Modeling of Change in Discrete Latent Variables

When the latent construct(s) is best represented by classes rather than by a continuum, it makes sense to examine the probabilities of individuals moving from one latent class to another over time. One way to do this is with a latent Markov model, the application of which within psychological studies has been termed latent transition analysis. For example, Collins and Wugalter (1992) expressed the mathematics learning theory of Rock and Pollack-Ohls (1987) as in Figure 4–12. This is a five-attribute model with just two latent classes (“has ability” and “does not have ability”) for each attribute (note that only the “has ability” latent classes are represented here by the circles). The arrows indicate that under this model, the learning of mathematical skills takes place in a forward direction only. More complex relationships can also be modeled. Quite general software packages for implementing these models are available, such as LCAG (Hagenaars and Luijkx, 1990) and PANMARK (van de Pol, Langeheine, and de Jong, 1989).
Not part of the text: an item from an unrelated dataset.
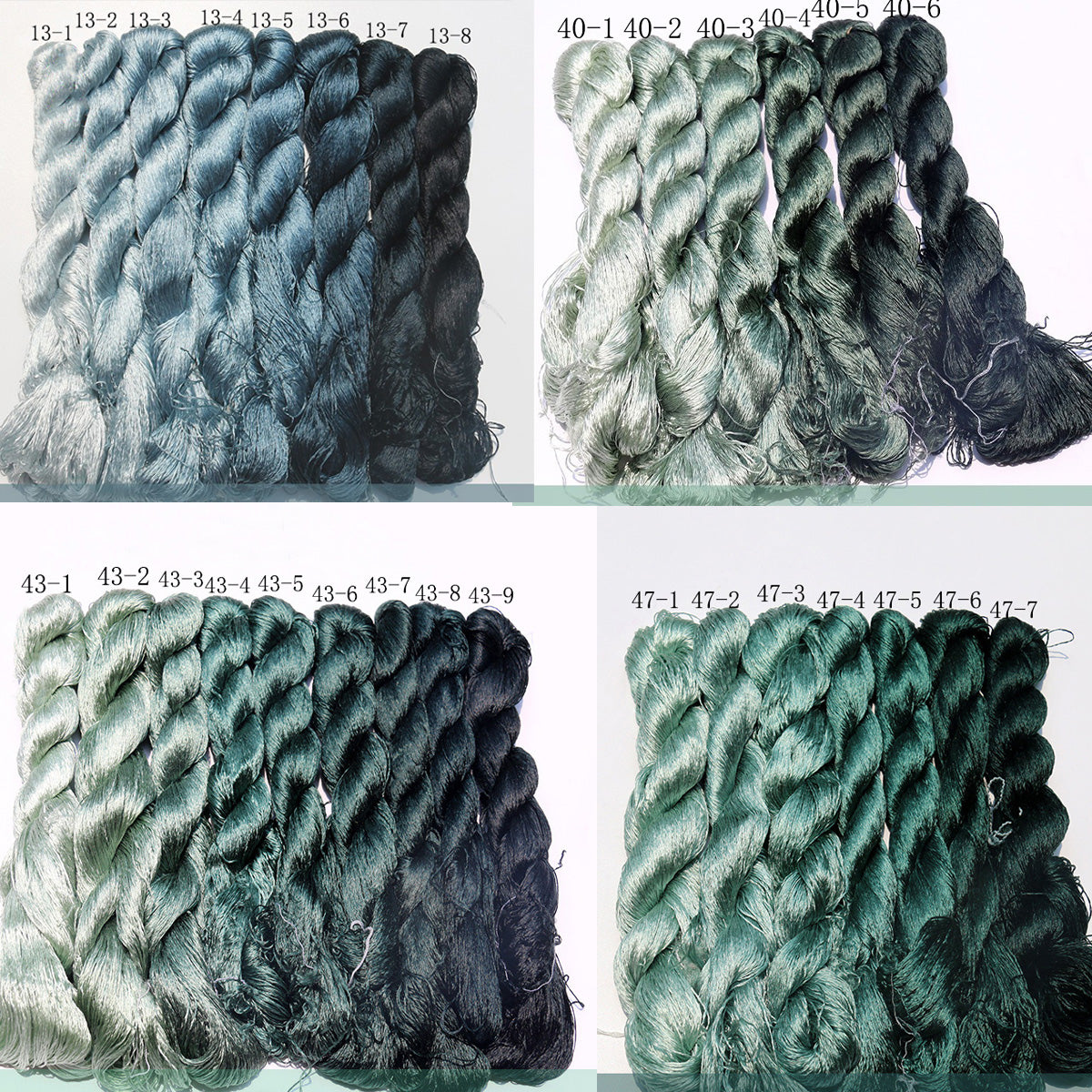 20m Suzhou Embroidery Mulberry Silk Thread(Grey01  30*20m)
INCORPORATION OF COGNITIVE ELEMENTS IN EXISTING MEASUREMENT MODELS

The array of models described in the previous section represents a formidable toolkit for current psychometrics. These models can be applied in many educational and psychological settings to disentangle systematic effects and errors and to aid in their interpretation. However, there is considerable dissatisfaction with this standard set of approaches, especially among cognitive psychologists, but also among educational reformers. This dissatisfaction is due in part to the dominance of the older, simpler, and more widely known parts of the toolkit—for example, models for dichotomous (right-wrong) responses over those for polytomous responses (e.g., constructed response items scored into several ordered categories), models for continuous attributes over those for discrete attributes, and single-attribute

Suggested Citation:"4 Contributions of Measurement and Statistical Modeling to Assessment." National Research Council. 2001. Knowing What Students Know: The Science and Design of Educational Assessment. Washington, DC: The National Academies Press. doi: 10.17226/10019.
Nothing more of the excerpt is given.